## Task
Taking the entries below, transcribe only the lines starting with the one with "Мультяшный складной зимний" and going on through the one with "Lv dupe Handbags", exactly as written, without the pictures.

----- Provided data

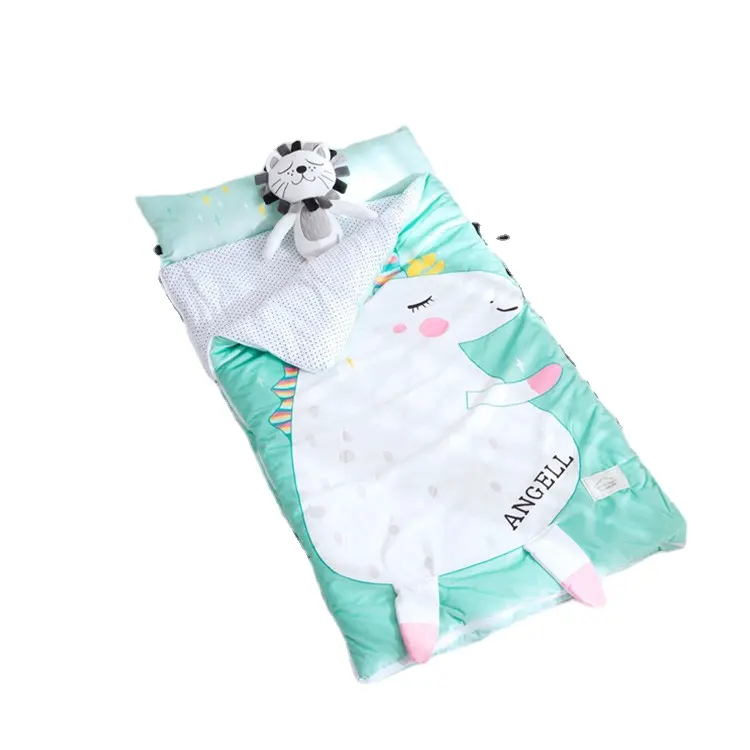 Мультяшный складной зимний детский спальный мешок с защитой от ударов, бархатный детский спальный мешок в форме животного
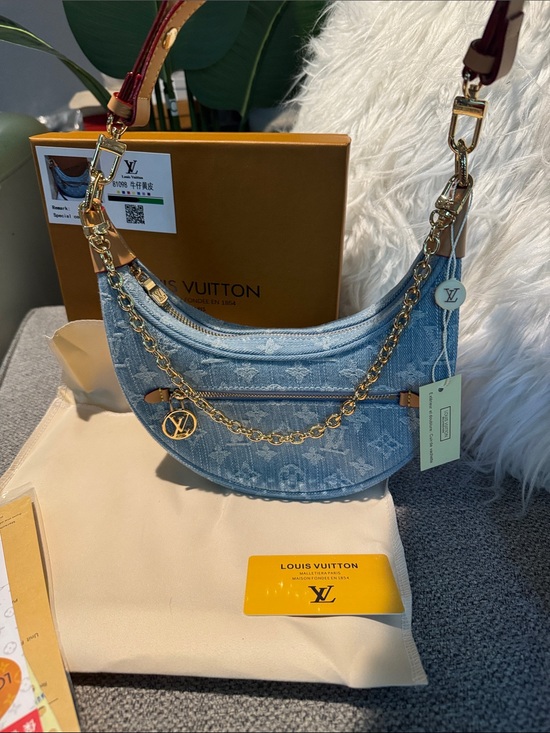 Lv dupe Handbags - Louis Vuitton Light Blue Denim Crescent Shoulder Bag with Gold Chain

----------
----- Provided data

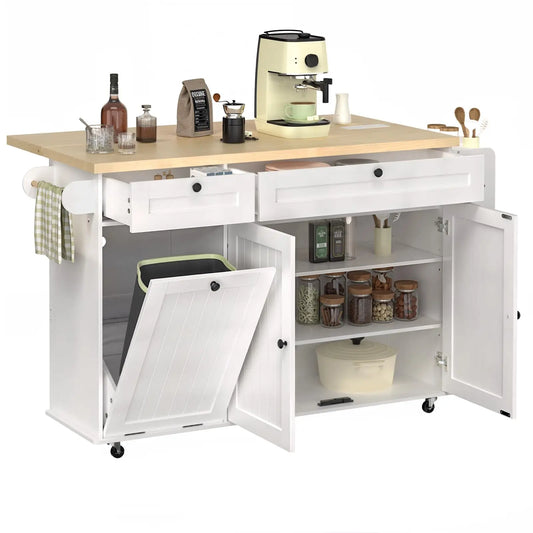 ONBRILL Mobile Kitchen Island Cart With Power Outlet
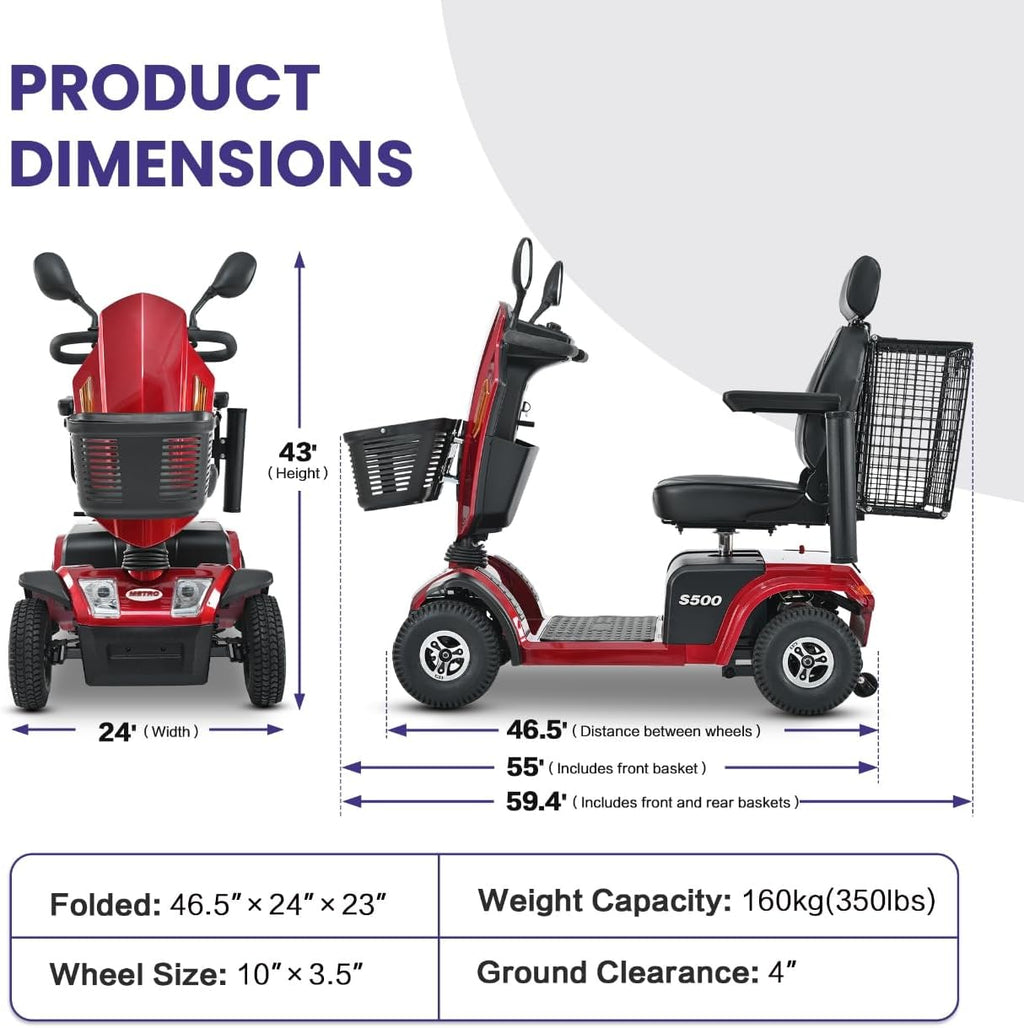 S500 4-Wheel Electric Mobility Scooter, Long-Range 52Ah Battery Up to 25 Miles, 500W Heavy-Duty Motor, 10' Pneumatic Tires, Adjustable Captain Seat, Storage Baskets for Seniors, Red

----------
----- Provided data

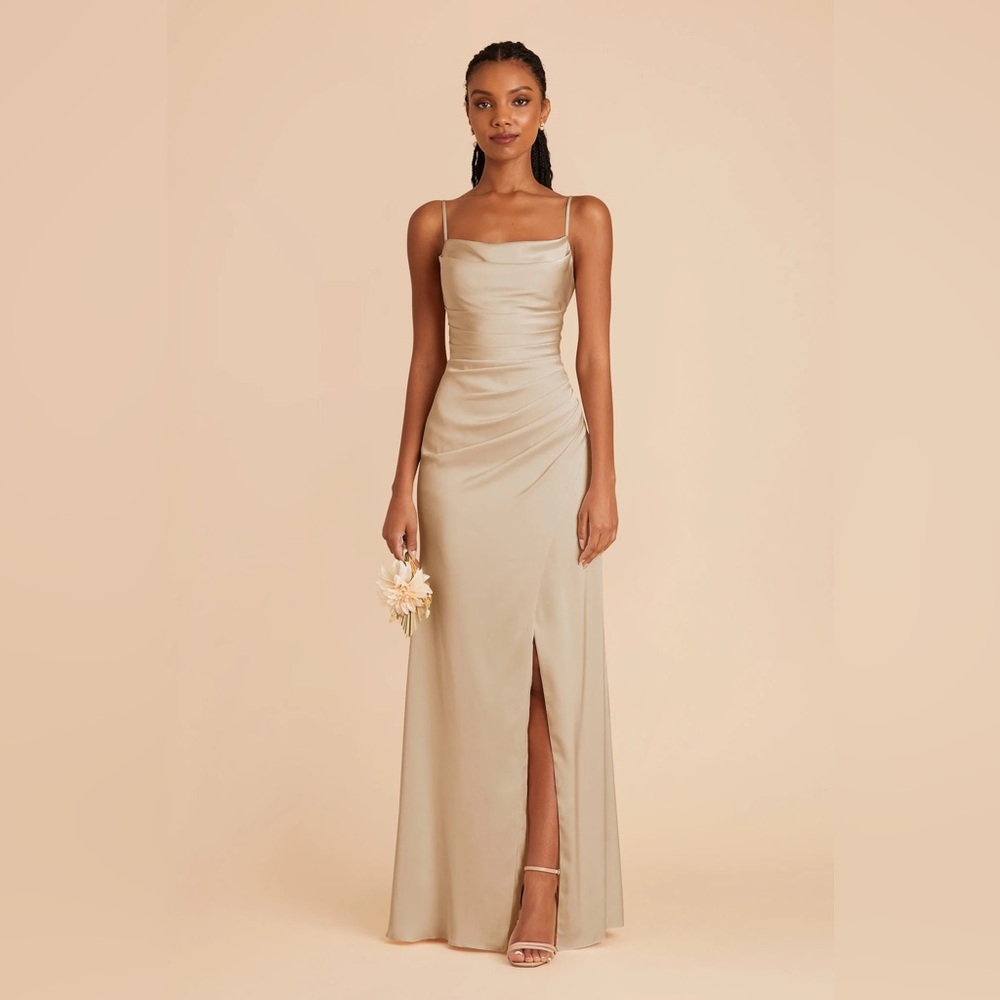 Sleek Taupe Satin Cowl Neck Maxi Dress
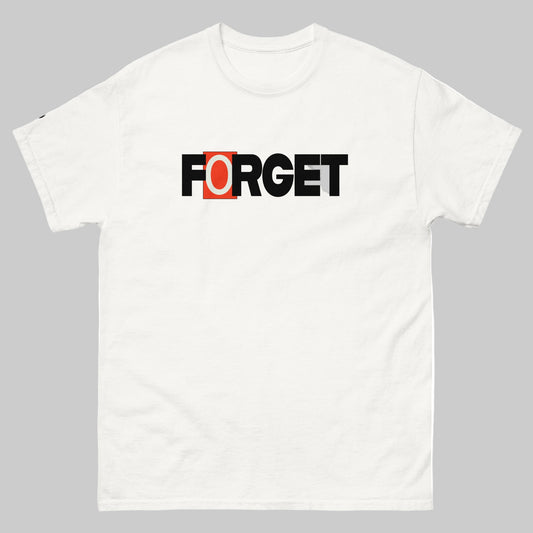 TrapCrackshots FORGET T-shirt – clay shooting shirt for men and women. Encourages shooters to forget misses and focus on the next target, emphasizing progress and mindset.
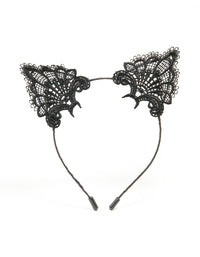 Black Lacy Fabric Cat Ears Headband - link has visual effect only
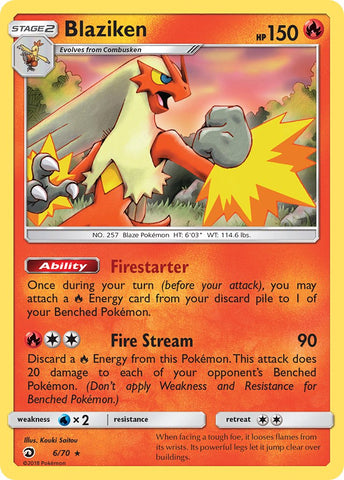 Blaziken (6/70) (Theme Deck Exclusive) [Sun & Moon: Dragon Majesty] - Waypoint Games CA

----------

## Solution to this exercise
 Мультяшный складной зимний детский спальный мешок с защитой от ударов, бархатный детский спальный мешок в форме животного
 Lv dupe Handbags - Louis Vuitton Light Blue Denim Crescent Shoulder Bag with Gold Chain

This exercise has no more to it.